Eran los hombres de Wilcox. Tres jeeps, con unos doce hombres bien armados al mando de Richard. Bajaron y apuntaron con sus armas a los policías, que hicieron otro tanto. El sonido de los seguros de las armas que se soltaban, los chasquidos de los cargadores entrando en los rifles de asalto y las imprecaciones de los hombres se adueñaron de aquel solitario lugar. Había luz suficiente y todos se veían las caras.

– ¡Tenemos una orden de registro! -gritó el comisario levantando un papel.

– ¡Usted será el primero en caer! -respondió Richard.

Alsina sintió que la tensión se podía cortar: unos cuarenta hombres, con armas automáticas y divididos en dos bandos, se iban a liar a tiros de un momento a otro, se apuntaban, inquietos, y él no tenía ni un triste cortauñas para defenderse. Pensó en que debía tirarse al suelo en cuanto sonara el primer disparo.

– ¡Tranquilos, tranquilos! -calmaba el comisario a sus propios hombres-. No disparéis, tenemos una orden, calma.

Un nuevo coche apareció en el camino. Del mismo bajaron don Raúl y míster Thomas.

– ¡Esto es zona militar! -gritó el americano.

– Tenemos una orden -repitió el comisario por tercera vez.

Entonces, en el momento más crítico, se oyó un ruido muy extraño, fuerte, metálico. Como si un enorme monstruo herido se quejara tras años de haber permanecido inmóvil. Era un chirrido extraño, oxidado y lento que terminó por hacer reventar el fondo del depósito, cuyo contenido cayó sobre los dos o tres guardias que había debajo en aquel momento. Una lluvia de barro, agua, porquería y cadáveres inundó aquel bancal y dejó paralizados a los integrantes de ambos bandos. En cuanto pudo reponerse del susto, Alsina se dirigió al lugar en cuestión, pues se había apartado de allí de un salto, exactamente como los demás. Policías y americanos habían quedado juntos, paralizados, mirando aquel espectáculo dantesco y atroz. El hedor era insoportable.
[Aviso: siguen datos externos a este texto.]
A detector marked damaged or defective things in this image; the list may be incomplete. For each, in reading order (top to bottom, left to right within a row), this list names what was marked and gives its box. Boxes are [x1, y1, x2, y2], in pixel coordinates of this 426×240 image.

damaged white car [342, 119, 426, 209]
Alsina acertó a ver varios cuerpos descompuestos de la manera en que sólo sabe hacer el agua. Sin ojos, sin cara, puro mucílago, pelos y restos de carne putrefacta y huesos quebrados.

Distinguió en uno de ellos el chaleco del pobre Cercedilla, el ufólogo, así como un mono azul de trabajo sobre un trágico muñeco que debía de ser Paco Quirós, el mecánico, medio entrelazado con otro horrible cadáver con falda y sin rostro, su novia Pascuala.

Había dos muertos más, vestidos con colores ocres y verdes, los furtivos, Sebastián y Pepe «el Bizco».

Algunos hombres vomitaban y otros apartaban su mirada de aquel lugar.

– Los tenemos -dijo Guarinós.

Richard gritó algo en inglés y sus hombres apuntaron las armas. Los policías hicieron otro tanto.

– ¡Don Raúl! -gritó don Jerónimo, el comisario-. Se viene usted con nosotros.

– ¡Y una mierda! -gritó el dueño de la finca sacando una pistola.

Entonces se escuchó una sirena, y otra, y otra más.

Por el camino de tierra aparecieron dos motoristas de la Guardia Civil. Y luego, un coche negro con la bandera de España y tres estrellas. Y otro, y otro, y más motoristas. Y un camión del ejército. Y otro, y otro. Y un cuarto. Y una tanqueta.

Todos quedaron paralizados. En un momento se vieron rodeados por los hombres que acababan de llegar, que bien podían ser más de un centenar. Eran legionarios.

Un tipo con uniforme de teniente general descendió del vehículo negro y de inmediato fue protegido por media docena de soldados que lo rodearon formando un cordón.